**INPUT MATERIAL:**
· · · ·

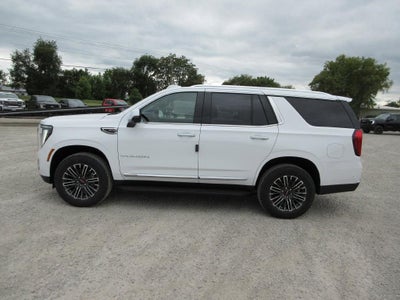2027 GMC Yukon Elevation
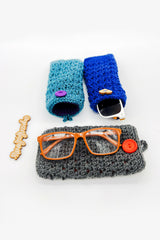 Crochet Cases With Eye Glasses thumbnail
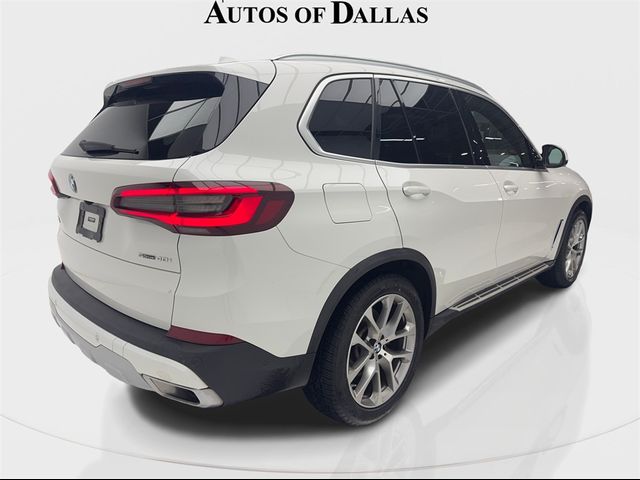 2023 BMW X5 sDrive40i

· · · ·

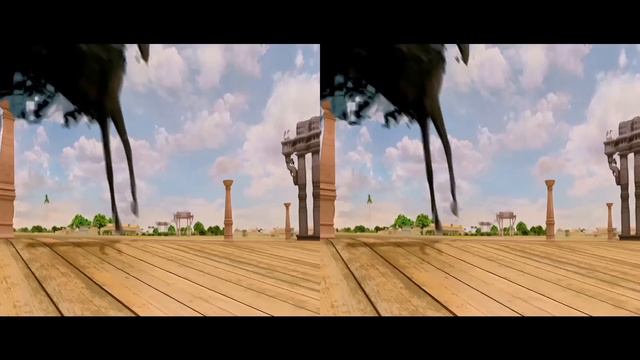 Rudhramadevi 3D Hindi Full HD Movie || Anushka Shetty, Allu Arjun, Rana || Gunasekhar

· · · ·

**WHAT THE TASK REQUIRES:** Within the material above, only the stretch from the line holding "2027 GMC Yukon Elevation" through the line holding "2023 BMW X5 sDrive40i" is to be restated exactly. Pictures are dropped.

**WRITTEN REPLY:**
2027 GMC Yukon Elevation
 Crochet Cases With Eye Glasses thumbnail
 2023 BMW X5 sDrive40i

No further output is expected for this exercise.